Nessuno esce da una pizzeria lamentando che 10 euro per un po’ di pane e pomodoro sono troppi.
Gli artigiani riescono a far valere il fattore tempo/competenza ma per chi sta dietro un computer sempre che ciò non valga.
Io sto risolvendo con l’uso (ragionato) del “NO”.
Ne guadagno in stima, la quale compensa la perdita di quei lavori che mi avrebbero fatto perdere la salute.
Tutti lo sanno ma tutti lo fanno!
Potrebbe essere la sintesi della situazione in cui si trova la mente creativa ma il problema credo sia la troppa individualità nell’affrontare la situazione. Ognuno si comporta come crede meglio con risvolti positivi sul mercato, quando si afferma con dignità il proprio lavoro, e con risvolti negativi, quando pur di lavorare si accetta qualunque situazione.
La soluzione!? Difficile perchè la creatività per sua natura si identifica con soggettivismo.
Effettivamente uno dei problemi, come dice Nadia, è il soggettivismo insito nella creatività. Problema che diventa quasi insormontabile quando il soggettivismo diventa individualismo.

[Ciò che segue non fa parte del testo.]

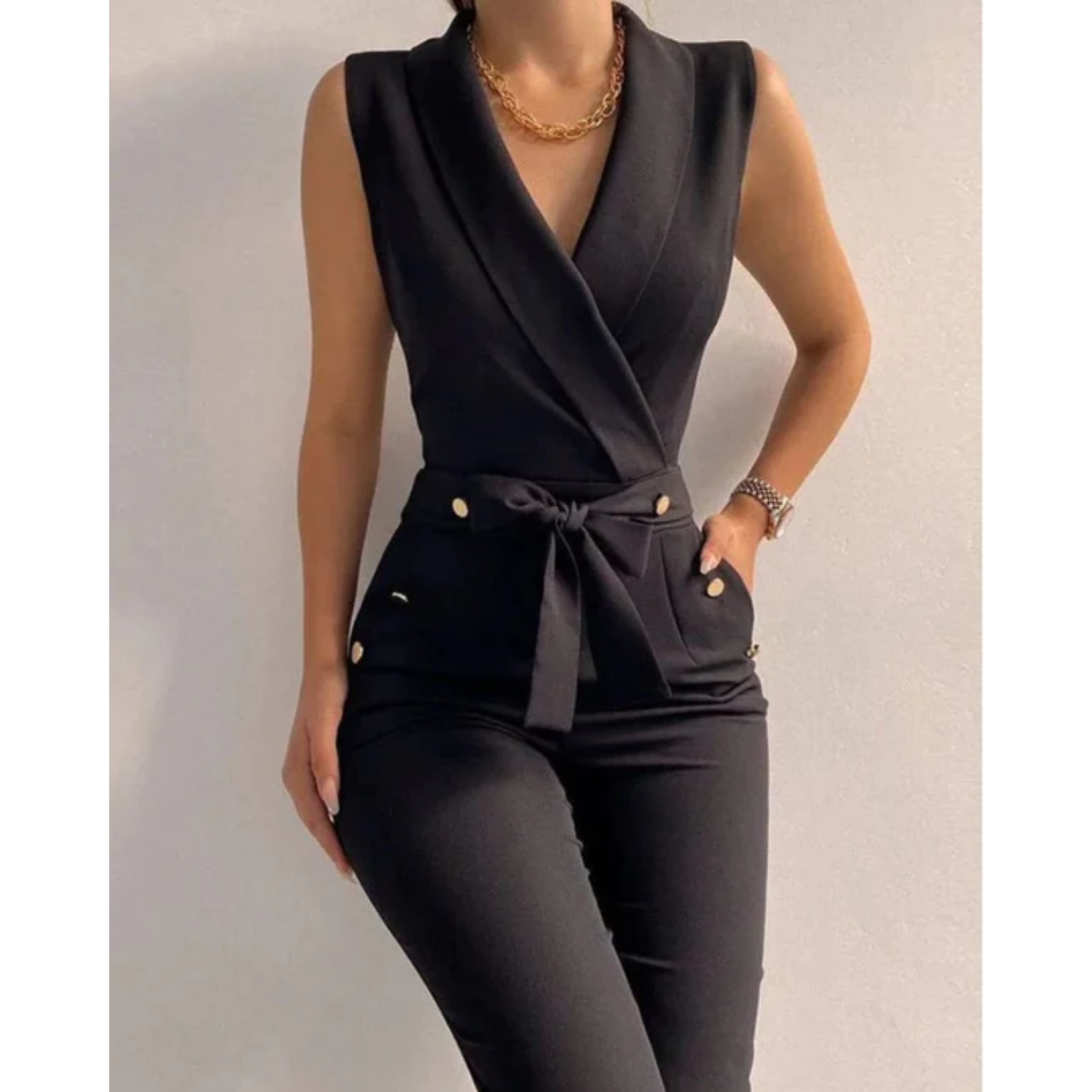 Avenora™ – Combinaison Femme Chic Sans Manches Élégante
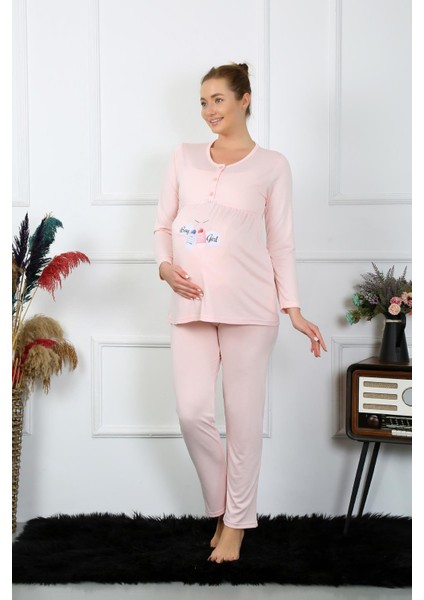 Kadın Uzun Kol Hamile Lohusa Pijama Takımı Pudra 45501 indirimleri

Si entra in gara con la convinzione di vincere e di essere un po’ più “furbi” degli altri.
In realtà può non essere neanche una convinzione ma un condizione forzata dalla “fame” di lavoro derivata da una congiuntura più che negativa.
Solo che da gare non regolamentate e spesso gestite volutamente in modo fumosa escono sconfitti tutti.
La soluzione è quella di Patrizio: direi di no.
E se proprio non si vuol dire di no, quanto meno non cedere su tutti i punti.
Anche noi abbiamo iniziato a dire no e ne abbiamo guadagnato non solo in autostima ma anche in credibilità e professionalità.
Un’altra soluzione: vedere i propri competitors, quantomeno in questi frangenti, non come acerrimi nemici. Parlarsi e confrontarsi potrebbe essere utile quanto meno per cercare di rendere più equa una gara che alla fine porta solo vantaggi al cliente.